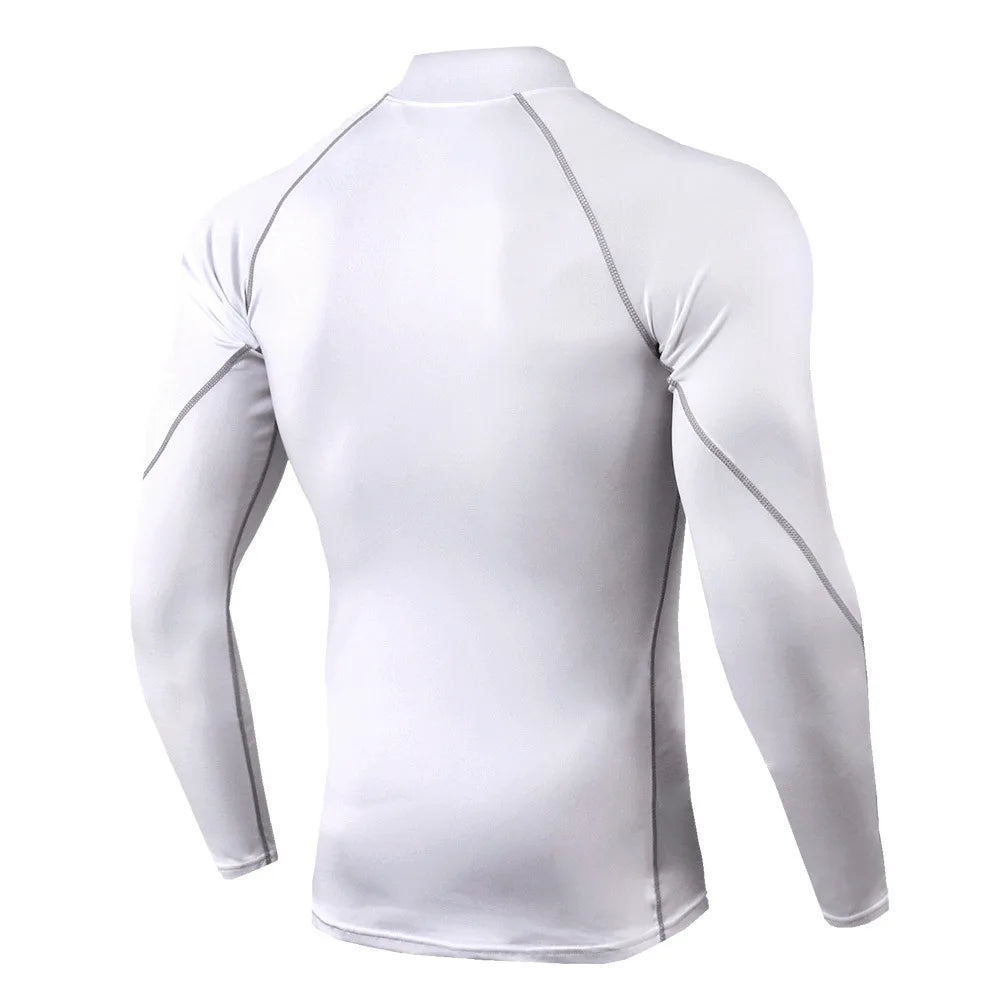 Apex Compression Mock-Neck T-shirt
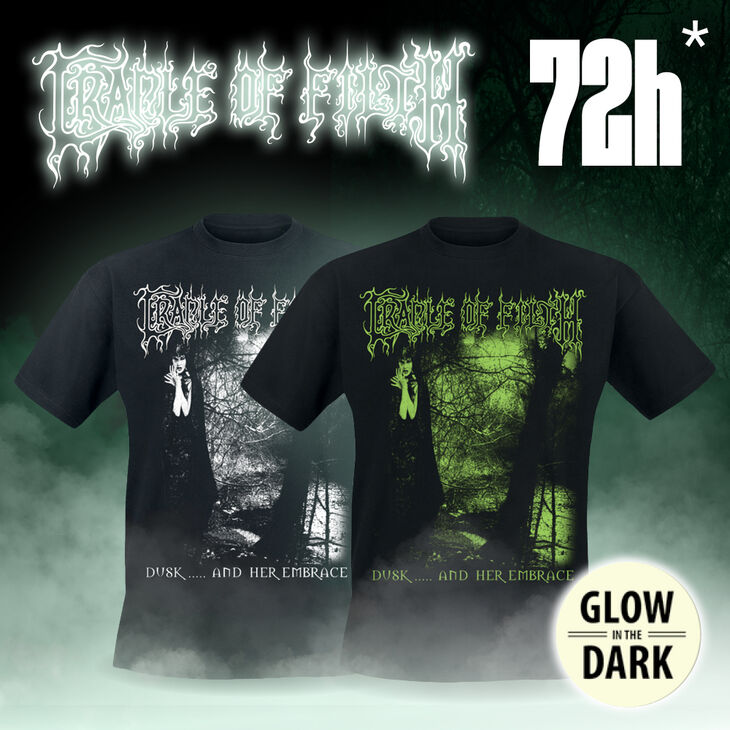 Tylko przez krótki czas! / Dostępna TYLKO w EMP koszulka z nadrukiem świecącym w ciemności! / Działaj szybko!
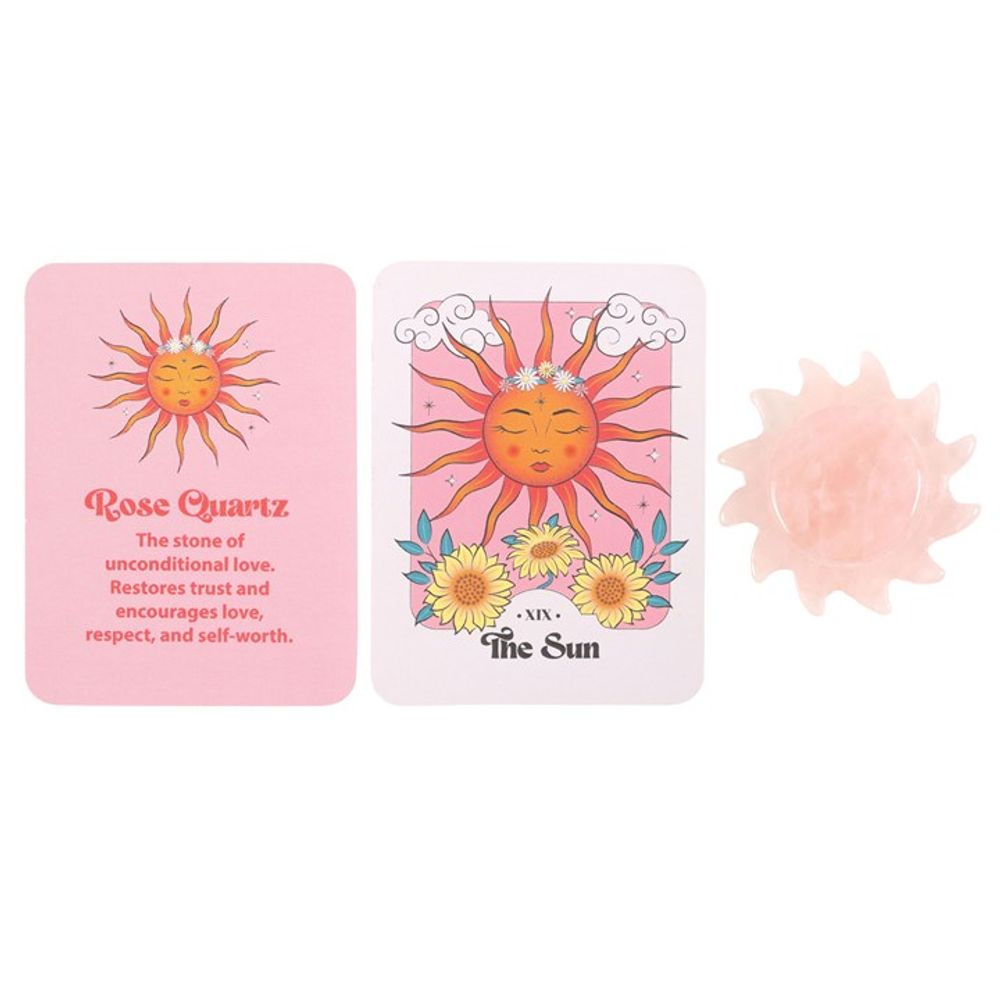 Eleanoras Rose Quartz Crystal Sun Stone Crystals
::::::::
§ **TASK STATEMENT**:
With the pictures left out, give again exactly the lines from the one with "Tylko przez krótki" through the end of the data, both included.

§ **EXERCISE OUTPUT**:
 Tylko przez krótki czas! / Dostępna TYLKO w EMP koszulka z nadrukiem świecącym w ciemności! / Działaj szybko!
 Eleanoras Rose Quartz Crystal Sun Stone Crystals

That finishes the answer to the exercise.